I am also noticing in the atari games, the scroll wheels give off some phantom movement. I know this is stupid, but in asteroids and lunar lander the little ship constantly wants to spin even though I am not touching the wheel.

1st world problems I know...


----------



## garsh (Apr 4, 2016)

I haven't noticed the power/regen line behaving as you describe, but I've never paid much attention to it when stopped. I'll try to do so to see if I notice the same behavior. Did you have a foot on the brake at the time? Was creep mode turned on or off?

I've definitely had issues with the controls while playing games, including the ship wanting to always spin at times, and the scroll wheel being not responsive as well as too touchy.


----------



## iChris93 (Feb 3, 2017)

I’ve had the power line too. Only when it’s pretty cold out and is using a lot of power to heat up.


----------



## 3V Pilot (Sep 15, 2017)

Drhalo said:


> I'm on 42.2, and I noticed while stopped at a stop light yesterday, the little black line that moves while you accelerate was slightly going on and off as if I was tapping the pedal. The problem is I wasn't. I tried turning off the ac to see if that helped and it did not.
> 
> I am also noticing in the atari games, the scroll wheels give off some phantom movement. I know this is stupid, but in asteroids and lunar lander the little ship constantly wants to spin even though I am not touching the wheel.
> 
> 1st world problems I know...


I've never had the power meter move but as far as the games go they also use the steering wheel as an input. If your Asteriod ship keeps spinning, center the wheel (or at least move it a bit) and the ship will stabilize. Yea, first world solutions also exist!!


----------



## Drhalo (Jul 12, 2018)

Car was in hold mode.
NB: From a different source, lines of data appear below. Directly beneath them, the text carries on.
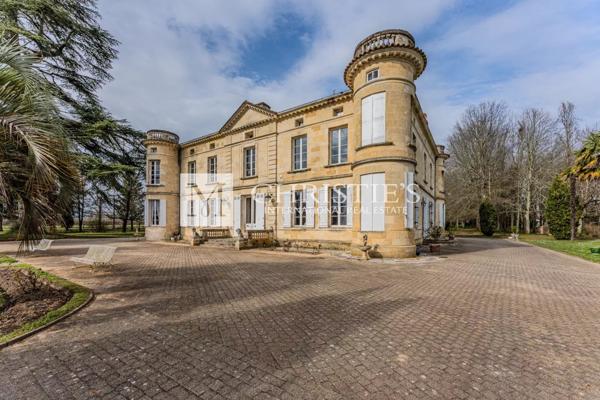 Majestueux Château du XIXᵉ siècle aux Portes de Bordeaux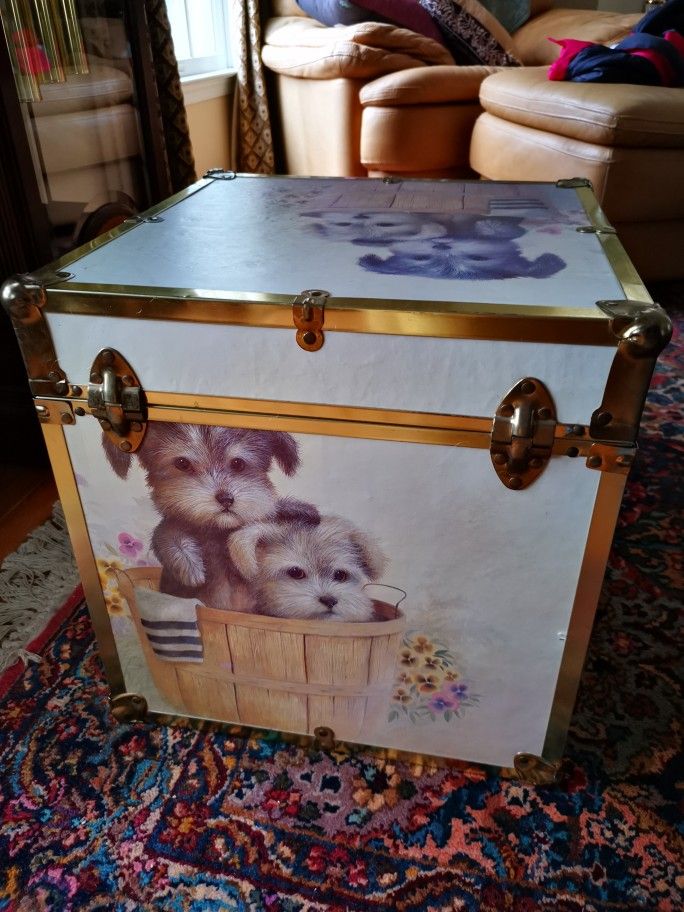 Ruane Manning Vintage 80s Toy Chest Storage Trunk Puppies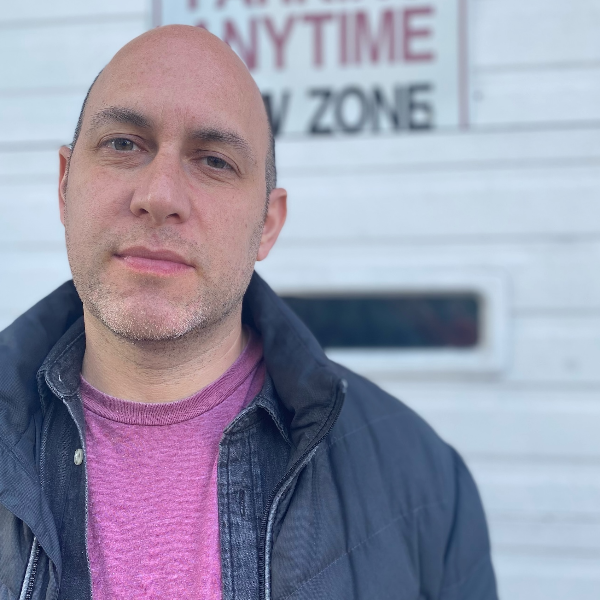 Yoni Heisler at Comedy Cabin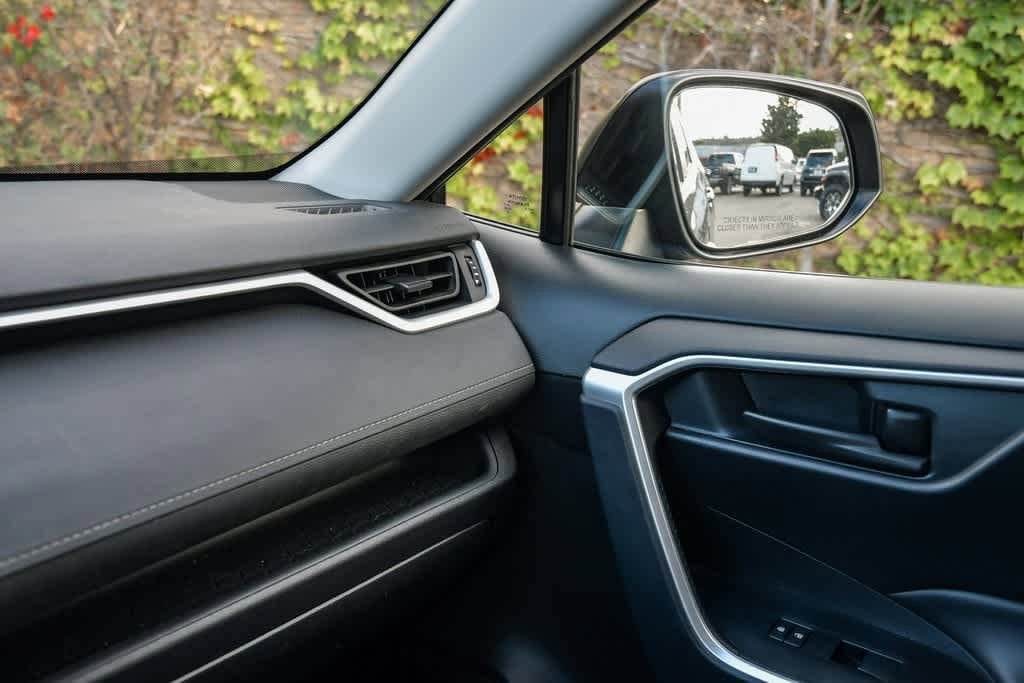 Thumbnail: 2025 Toyota RAV4 - 27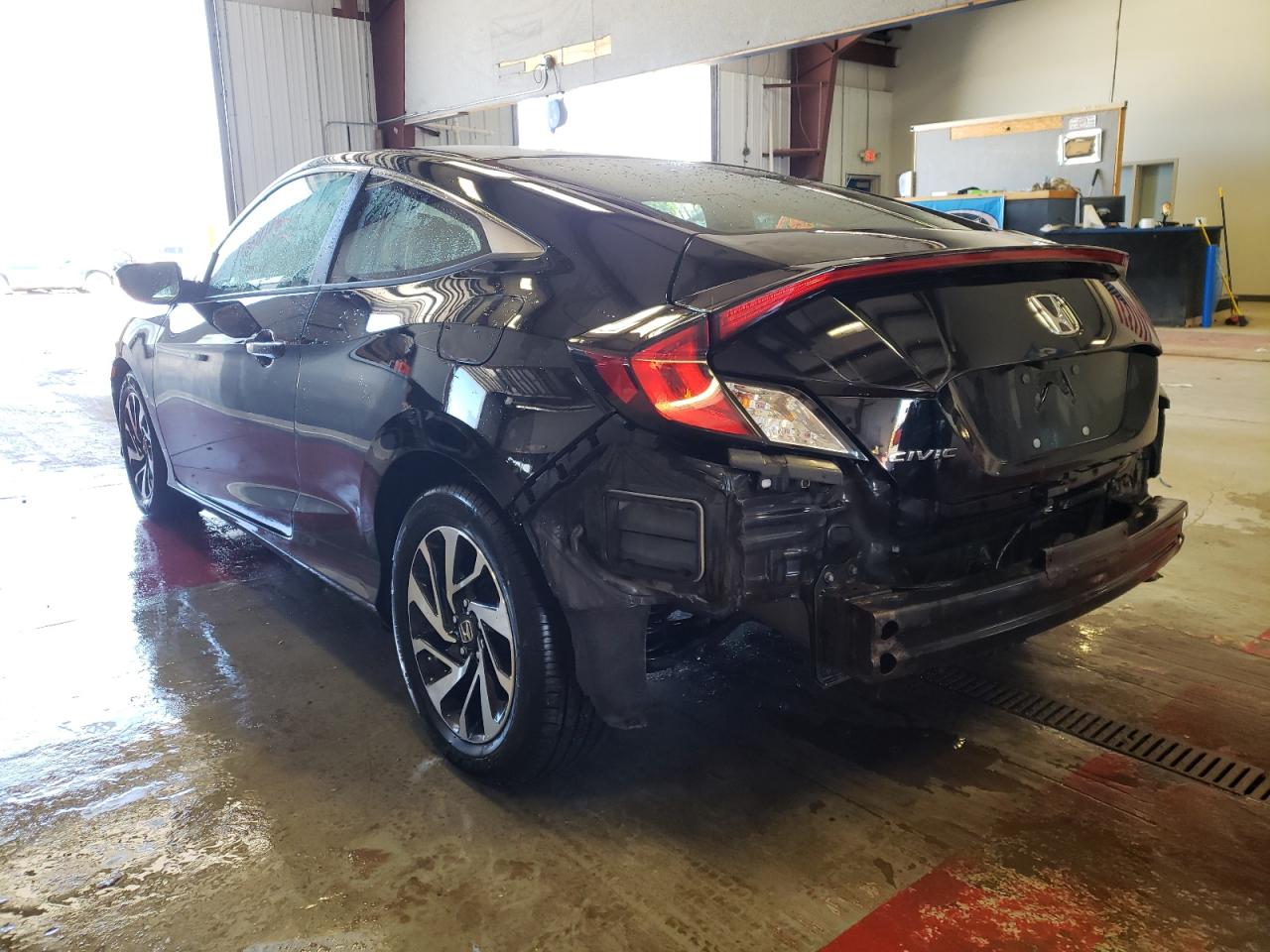 Photo 3 from auction – 2018 HONDA CIVIC LX with VIN 2HGFC4B00JH303610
Line was flickering as if I was tapping the accelerator.


----------



## ravisorg (Jun 27, 2018)

Yup I’ve noticed that recently too. Come to the conclusion that’s it’s showing power use globally not just for the motor, and because it’s chilly out the heaters are working for the first time and using enough power to show up on the meter.


----------



## Bokonon (Apr 13, 2017)

This may be a outlandish question, but: we know the Model 3 can run a little current through the motor to generate heat when the car is parked and the battery is cold. Is it possible that it can do the same when the car is in Hold, and this shows up on the power gauge as a flickering dot because it can't tell the difference between discharge for heat and propulsion? Grasping at straws here...


----------